Work instruction
Transcribe the data below verbatim from the line with "Ông Lê Hải Trà" to the line with "ROMANCE - VIBRATORE". Include both of those lines.

Extracted records

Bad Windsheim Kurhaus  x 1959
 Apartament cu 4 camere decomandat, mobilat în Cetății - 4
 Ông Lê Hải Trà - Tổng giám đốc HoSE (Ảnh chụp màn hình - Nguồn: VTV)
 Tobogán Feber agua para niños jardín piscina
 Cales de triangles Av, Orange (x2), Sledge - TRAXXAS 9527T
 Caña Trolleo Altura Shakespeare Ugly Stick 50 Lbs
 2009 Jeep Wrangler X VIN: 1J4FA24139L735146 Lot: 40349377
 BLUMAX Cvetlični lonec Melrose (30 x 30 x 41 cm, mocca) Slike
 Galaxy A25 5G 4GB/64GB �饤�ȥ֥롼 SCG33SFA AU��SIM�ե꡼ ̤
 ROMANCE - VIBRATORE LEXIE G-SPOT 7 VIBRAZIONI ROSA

--

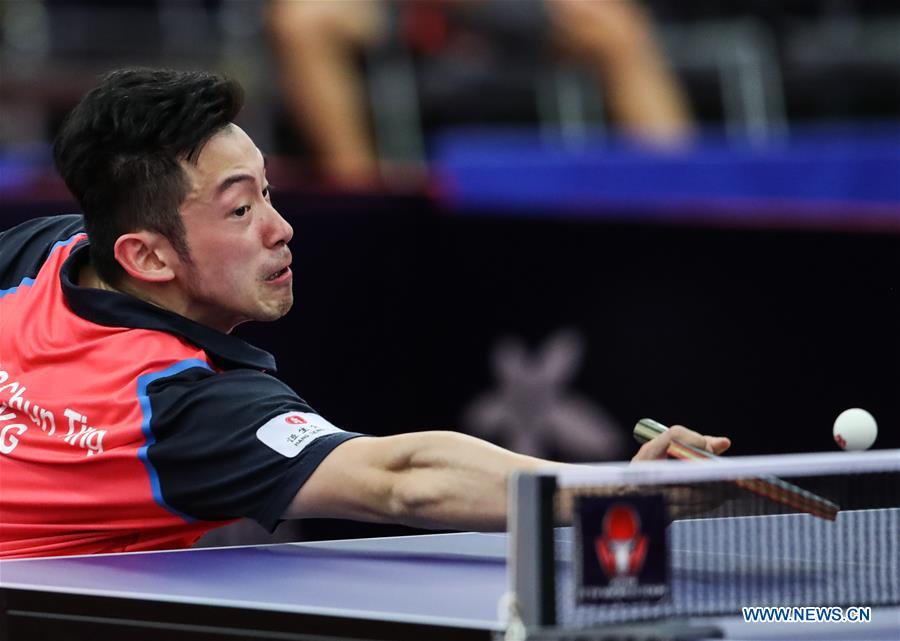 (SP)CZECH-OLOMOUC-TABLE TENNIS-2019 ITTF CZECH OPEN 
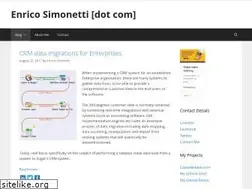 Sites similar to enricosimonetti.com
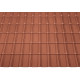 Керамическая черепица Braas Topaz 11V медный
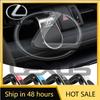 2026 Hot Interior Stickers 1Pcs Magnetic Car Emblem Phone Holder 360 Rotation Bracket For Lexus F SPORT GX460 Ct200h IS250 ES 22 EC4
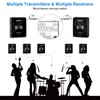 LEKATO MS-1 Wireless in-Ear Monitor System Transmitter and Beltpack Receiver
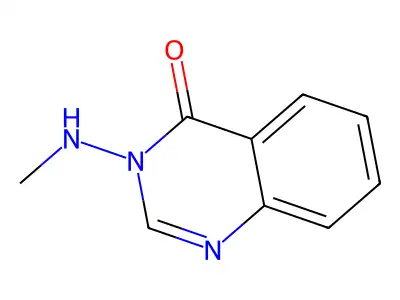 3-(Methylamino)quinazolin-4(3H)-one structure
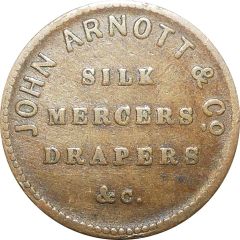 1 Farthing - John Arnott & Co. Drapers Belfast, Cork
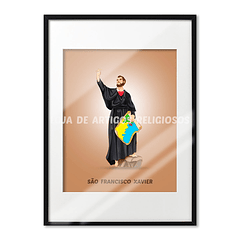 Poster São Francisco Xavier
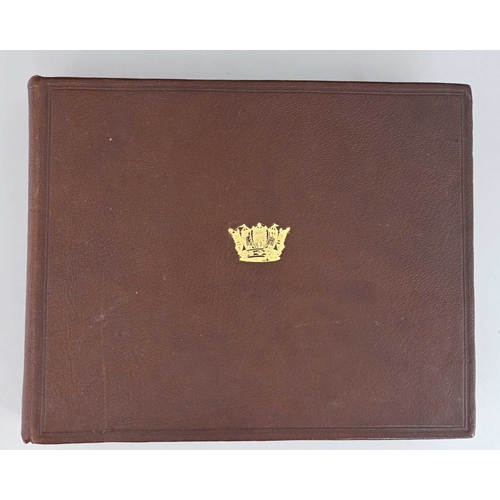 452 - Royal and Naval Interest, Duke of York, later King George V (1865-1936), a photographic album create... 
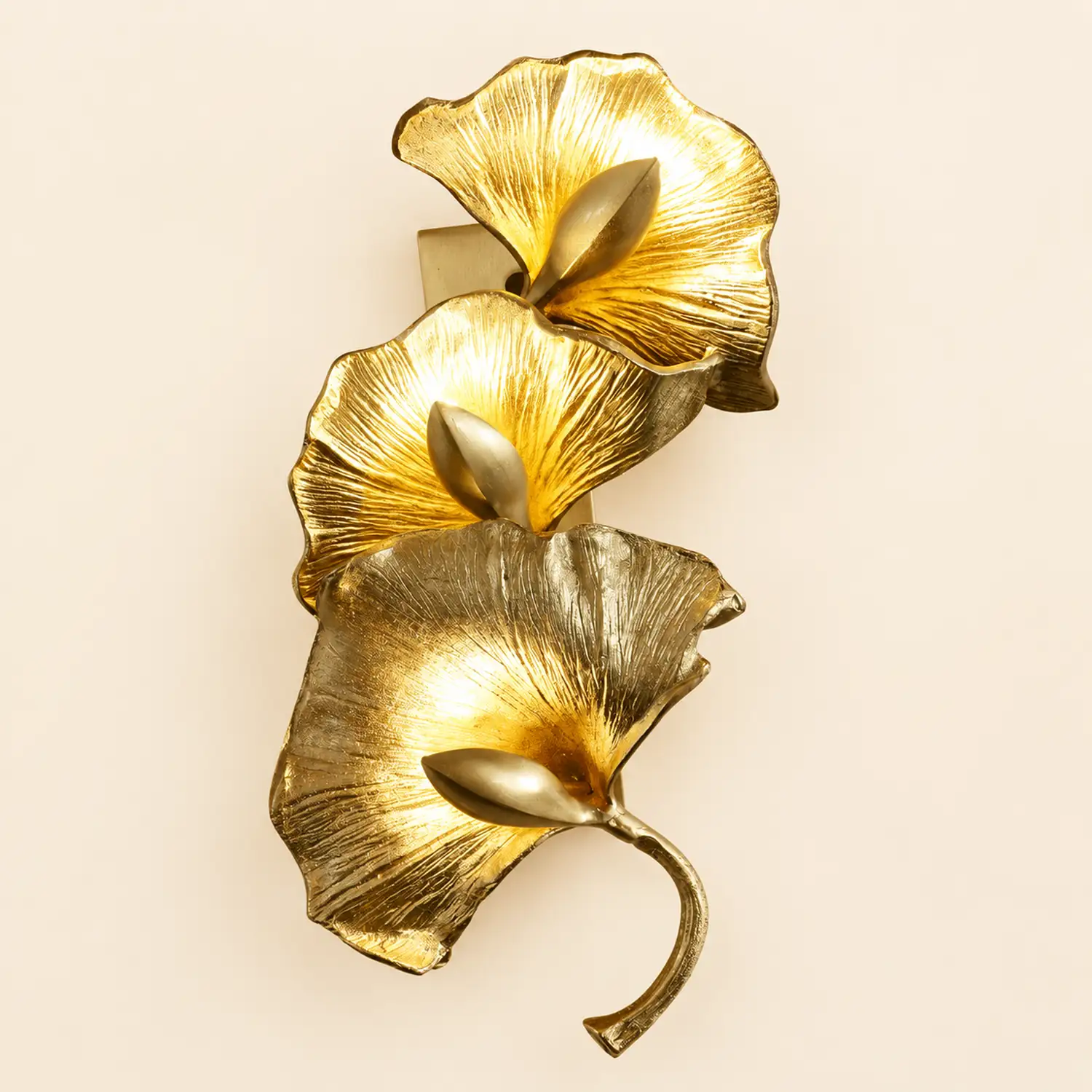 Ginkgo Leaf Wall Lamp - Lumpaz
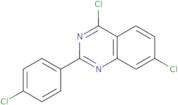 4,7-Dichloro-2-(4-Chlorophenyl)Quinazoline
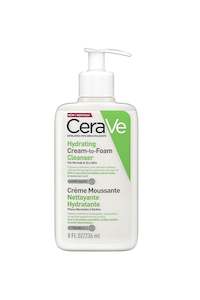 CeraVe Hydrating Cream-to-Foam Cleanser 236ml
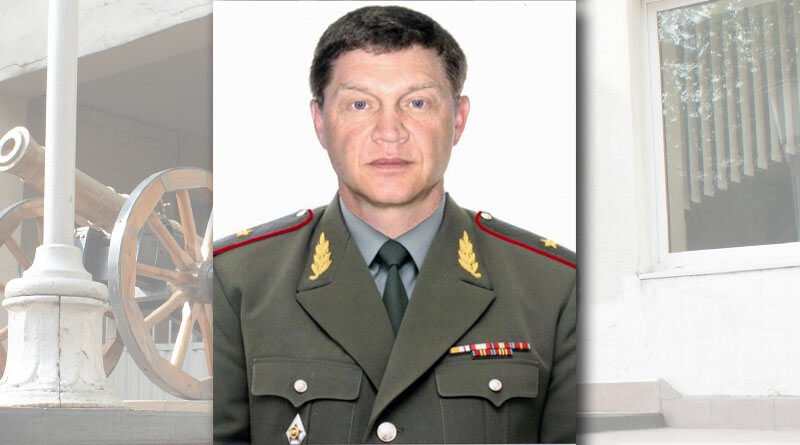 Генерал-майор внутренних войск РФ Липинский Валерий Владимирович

Response for this exercise
 Ông Lê Hải Trà - Tổng giám đốc HoSE (Ảnh chụp màn hình - Nguồn: VTV)
 Tobogán Feber agua para niños jardín piscina
 Cales de triangles Av, Orange (x2), Sledge - TRAXXAS 9527T
 Caña Trolleo Altura Shakespeare Ugly Stick 50 Lbs
 2009 Jeep Wrangler X VIN: 1J4FA24139L735146 Lot: 40349377
 BLUMAX Cvetlični lonec Melrose (30 x 30 x 41 cm, mocca) Slike
 Galaxy A25 5G 4GB/64GB �饤�ȥ֥롼 SCG33SFA AU��SIM�ե꡼ ̤
 ROMANCE - VIBRATORE LEXIE G-SPOT 7 VIBRAZIONI ROSA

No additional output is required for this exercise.